(parenthetically speaking)

a random gal’s random thoughts about nothing and everything in general

Snow Day March 2, 2009

It snowed in Atlanta today. Lots. We’re talking accumulation here, people. snowy-atlanta

Snow reminds me of my childhood. Well, part of my childhood. When we lived in Pennsylvania. I was probably around 7 or 8. We lived in a small house at the top of a hill out away from the city (our address was Route 1). It was an idyllic little spot next door to a hay field (where we’d fly kites) and not far from a friend’s farm (they gave us a baby pig as a pet). In winter, we’d slide down our driveway on cookie sheets and use the shell of an old VW Bug as our fort during snowball fights. We’d eat cupfuls of fresh snow with chocolate syrup poured on top.

snowy-day-wmanman2

Man-Man checks out the snowy scene from the safety of the screened porch.

Snow’s fun when you’re a kid. As an adult, not so much. Sure, there are times when as a grownup snow is great. Like when you’re going skiing. Or it’s Sunday and you just want to snuggle up by the fire and eat chili and read a good book. It’s when you have to get out and drive in it that it becomes a problem. Or maybe that’s just because, since I was old enough to drive, I’ve never lived in a place where the drivers had any idea how to content with ice and snow. Like today, I heard siren after siren, the emergency vehicles whizzing to and fro to rescue Atlantans who don’t realize that when it comes to weather like this, the motto is, “With snow, go slow.”
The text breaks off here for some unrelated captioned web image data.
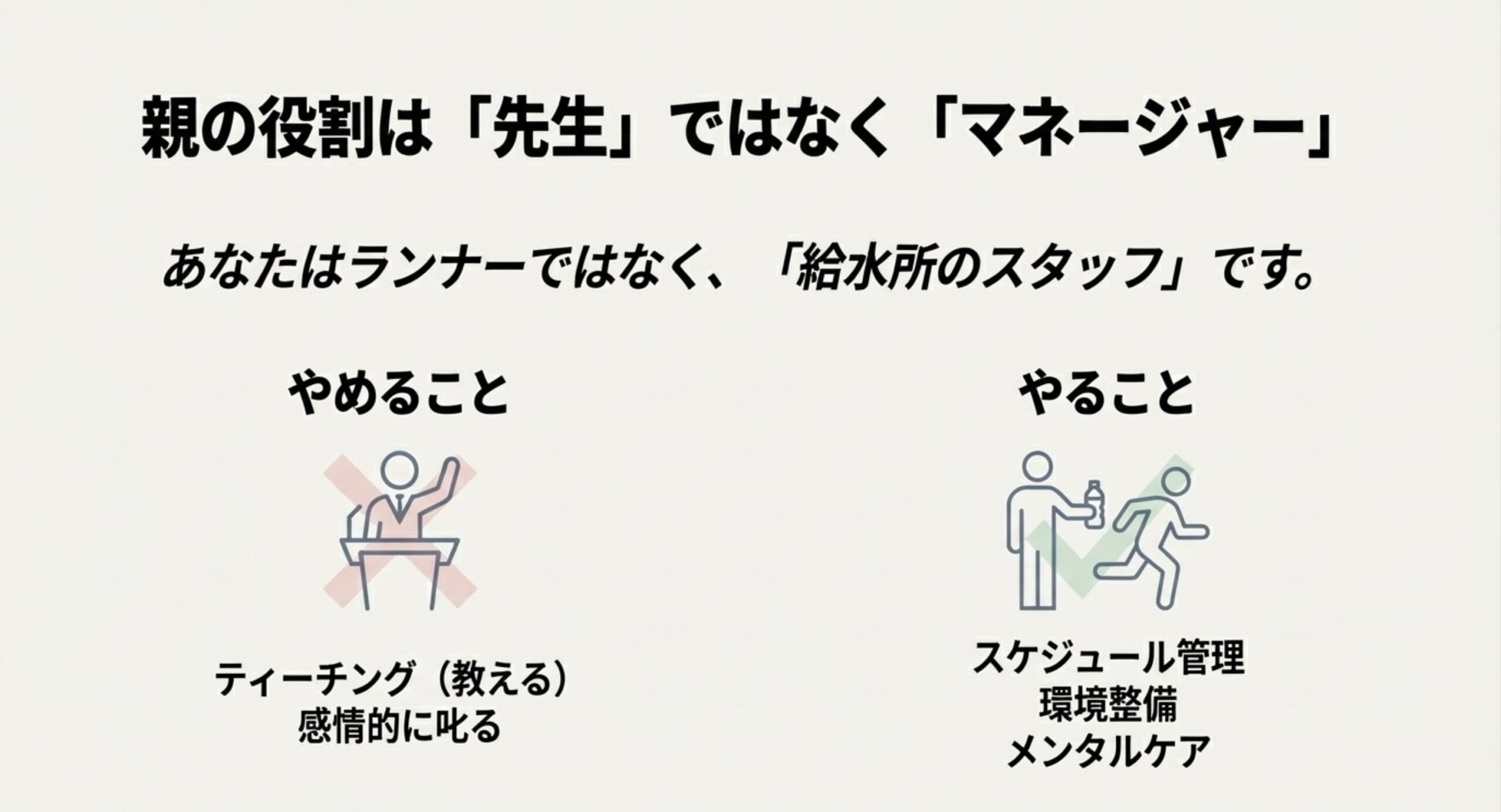 中央に「親の役割は『先生』ではなく『マネージャー』 あなたはランナーではなく、『給水所のスタッフ』です」と書かれ、左に「やめること：ティーチング（教える）、感情的に叱る」、右に「やること：スケジュール管理・環境整備・メンタルケア」と示したスライド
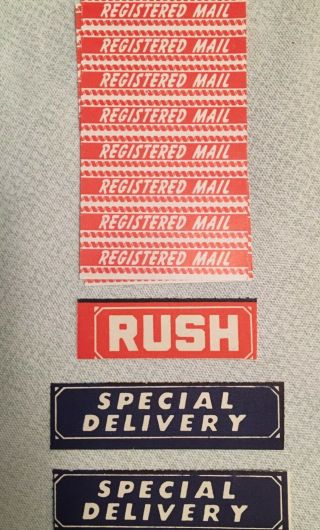 Vintage Labels,  Postal Rush,  Special Delivery & Fragile Item Labels
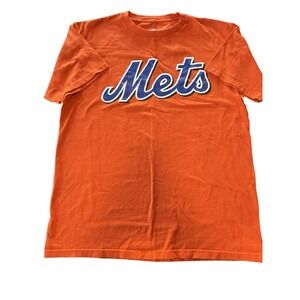 Majestic New York Mets T Shirt Mens Large Orange Short Sleeve MLB Baseball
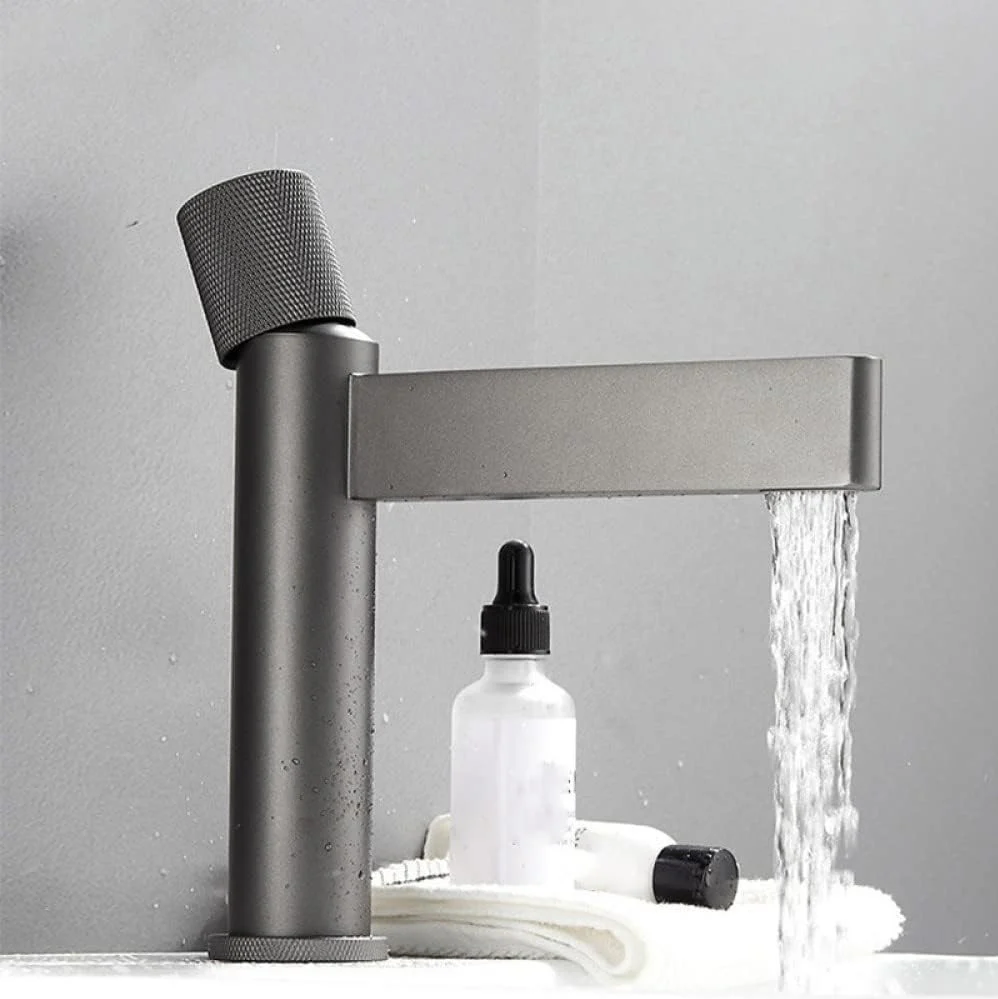 Grifo Para Lavamanos 26Cm Perilla Monomando Pluma Lavabo Gris Mate De Alta Calidad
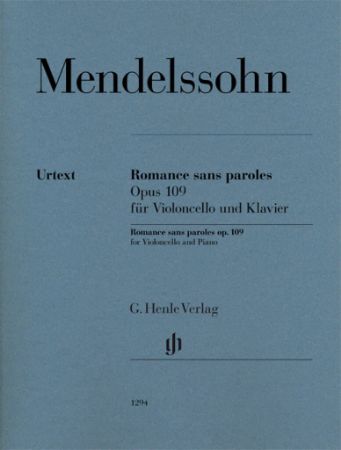 MENDELSSOHN:ROMANCE SANS PAROLES OP.109 CELLO AMD PIANO
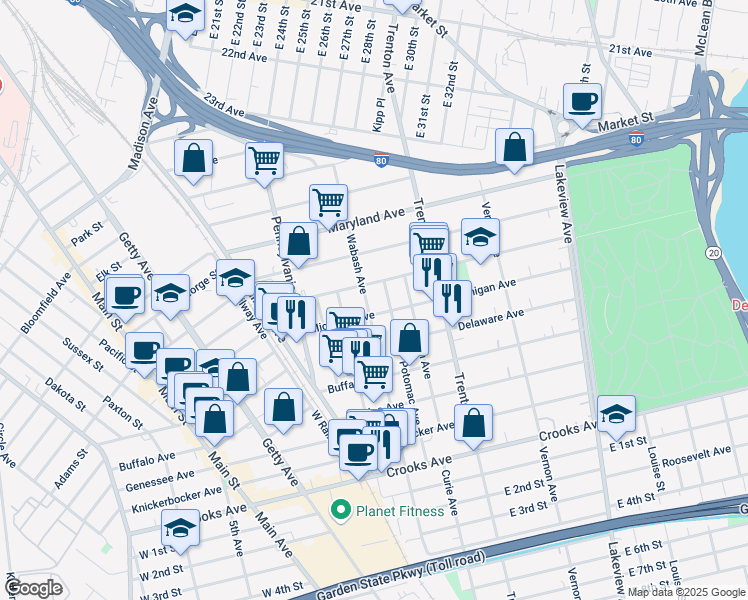 map of restaurants, bars, coffee shops, grocery stores, and more near 209 Michigan Avenue in Paterson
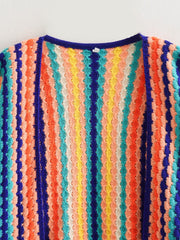 Dlabh women's loose casual rainbow striped cardigan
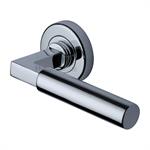 Bauhaus Door Handle on Round Rose in Polished Chrome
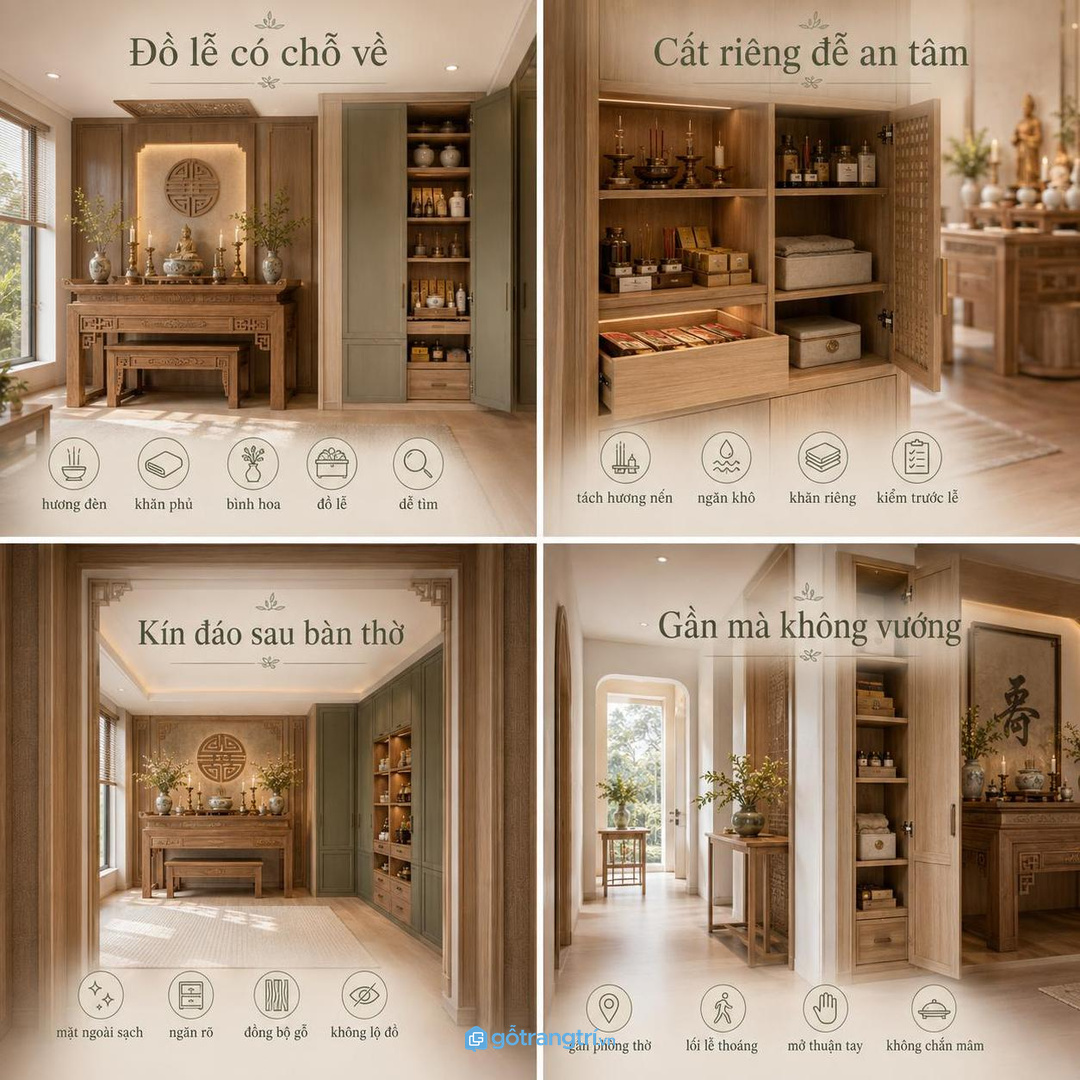 Vị trí tủ đồ lễ nên gần phòng thờ nhưng vẫn giữ lối bê mâm lễ thông thoáng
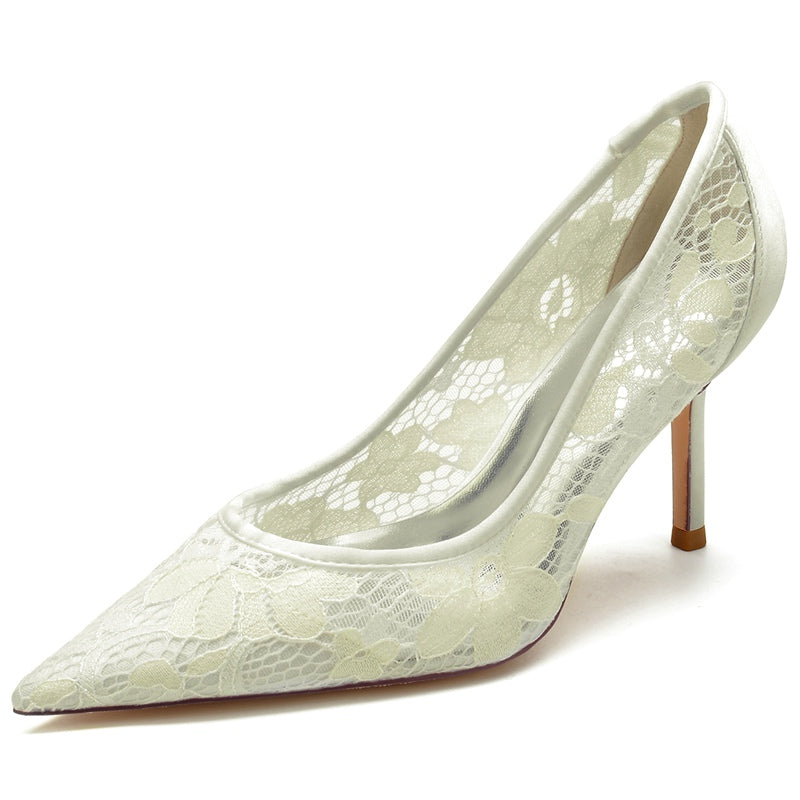 Bridal Heels for Women with Pointed Toe and Lace Appliques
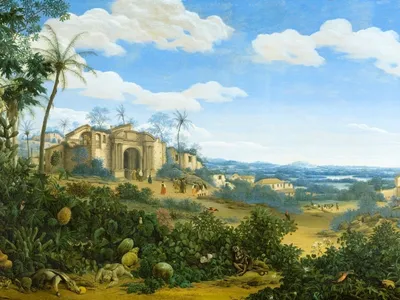 A tropical landscape painting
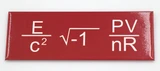 Red MIT panoramic magnet featuring white mathematical and scientific equations and formulas.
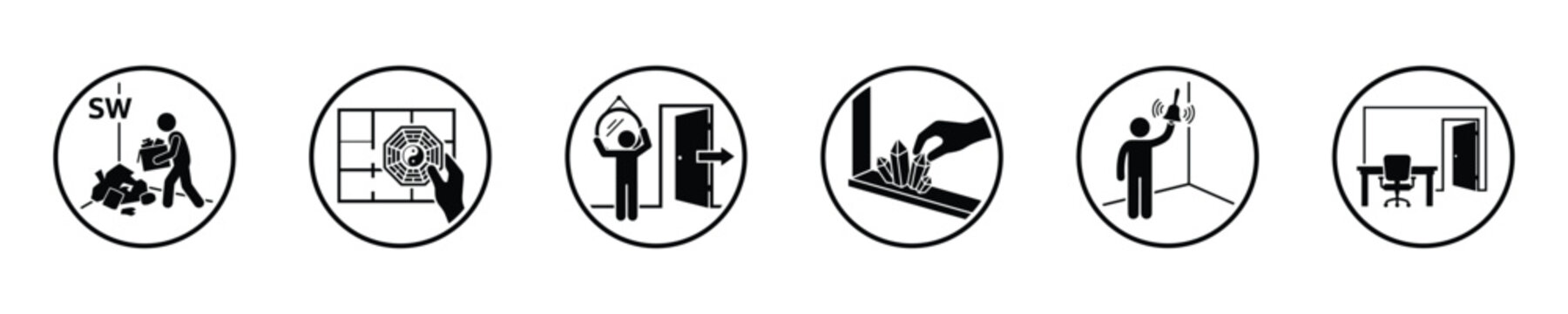 Collection of symbols representing Feng Shui principles and practices for home and office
Lucky for me, I don’t have to commute to work braving treacherous roadways packed with people who don’t have the slightest clue about how to drive in wintery conditions. I don’t have to bundle up in a coat, hat, gloves, and a scarf. I don’t have to scrap the ice and snow off my car and wait for the windows to defrost. I simply walk from one side of the house to the other, turn on my computer, and, voila, I’m ready to go.

Yup, snow’s great for kids. And the self-employed.

 

wardrobe malfunction January 23, 2009

Don’t ask me how I managed it. Because I honestly don’t know. I mean, I don’t think I could manage to re-create the scene even if I tried.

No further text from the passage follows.